Anandtech’s Dr. Ian Cutress, aka the Chip Whisperer, recently published a look at the custom Elbrus VLIW design that’s been used in Russian computers for years. Documentation on this architecture has been scarce, given that it was hard to get hands-on time with a system outside of Russia. But recently published online documentation spreads some new light.
The design seems to have its roots in the SPARC architecture, and uses a compiler-focused design, meaning optimizations are at the compiler, rather than silicon level. I trust Dr. Cutress knows far more than I’ll ever know about chip design, but given it’s VLIW approach, x86 binary translation, and compiler optimizations, it also sounds a lot like the approach to chip design Transmeta used many years ago.

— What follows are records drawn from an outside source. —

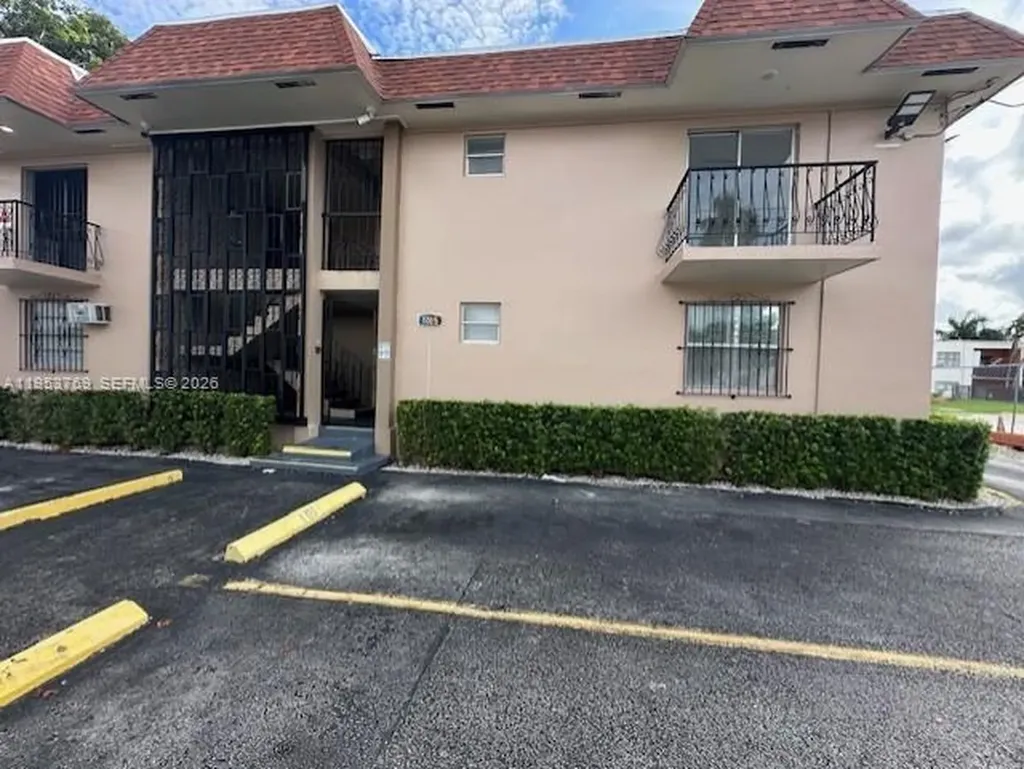 1015 NW 45th Avenue Miami FL 33126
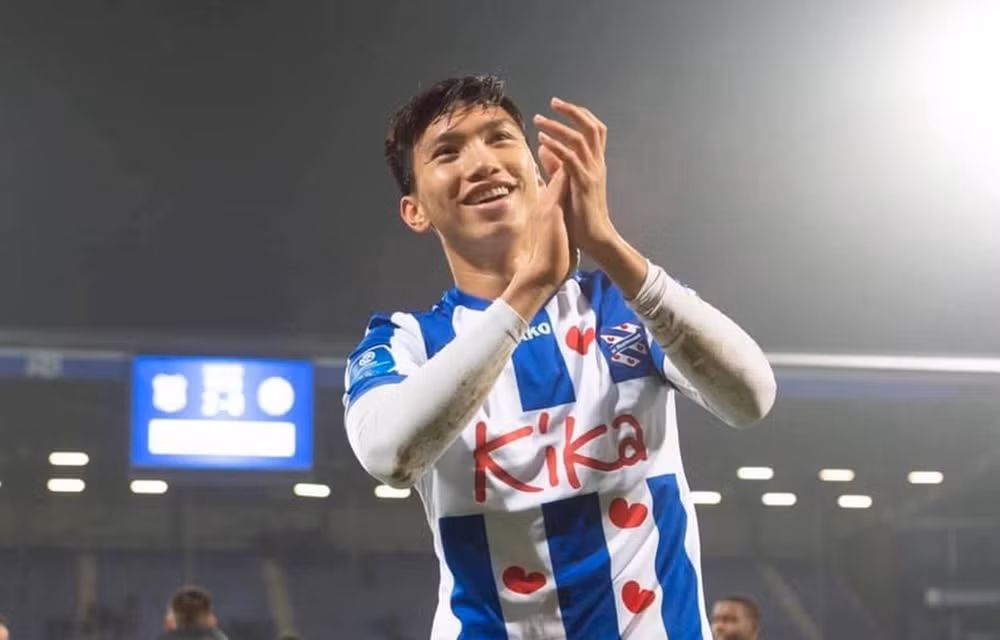 Hà Nội sẵn sàng trả lương để Đoàn Văn Hậu ở lại SC Heerenveen ảnh 1
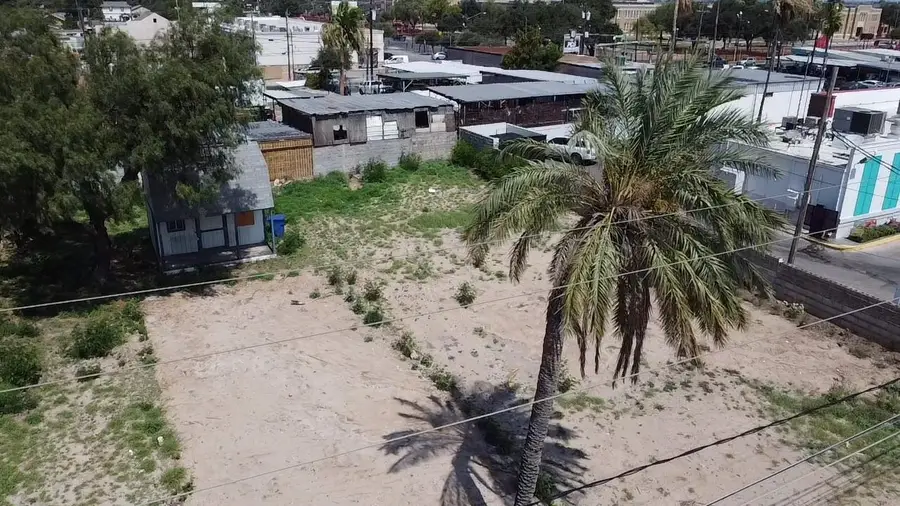 1906 Santa Ursula Ave, Laredo, TX 78040 - #2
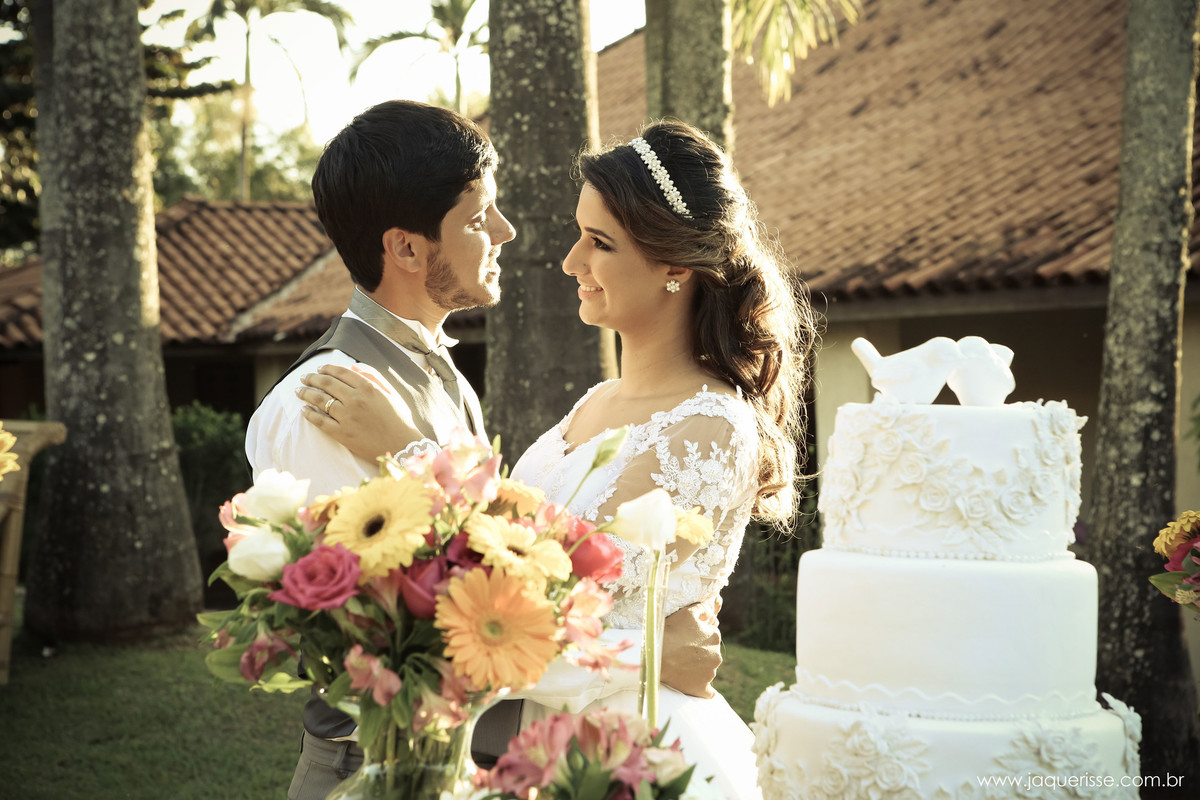 jaque risse, andre risse, estudio bebedouro, melhores fotografos, noivos se olhando e abraçados, vasos de flores e bolo ao redor deles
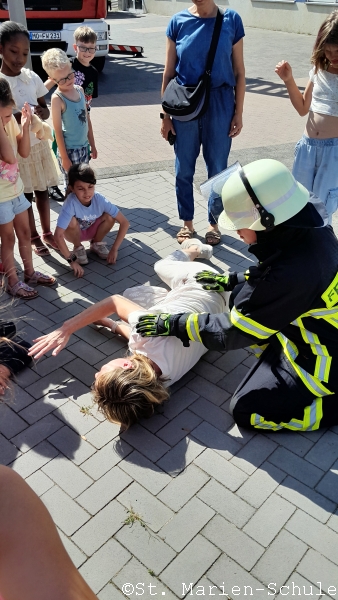 25-08-OGS-Feuerwehr-04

As trade tensions create uncertainty with supply chains, it appears these state-sponsored chip designs may become increasingly common. While not a full custom solution, we’ve already seen China partner (through a bizarre series of subsidiaries) with AMD on the x86-based Hygon Dhyana chips. The combination of a lack of documentation, investment of state dollars, and the ability to design and program against a specific piece of silicon might have some distinct advantages for state organizations. As a fan of open ecosystems and documentation, I can’t say that I’m thrilled by this direction. But clearly we’re seeing a trend to custom silicon.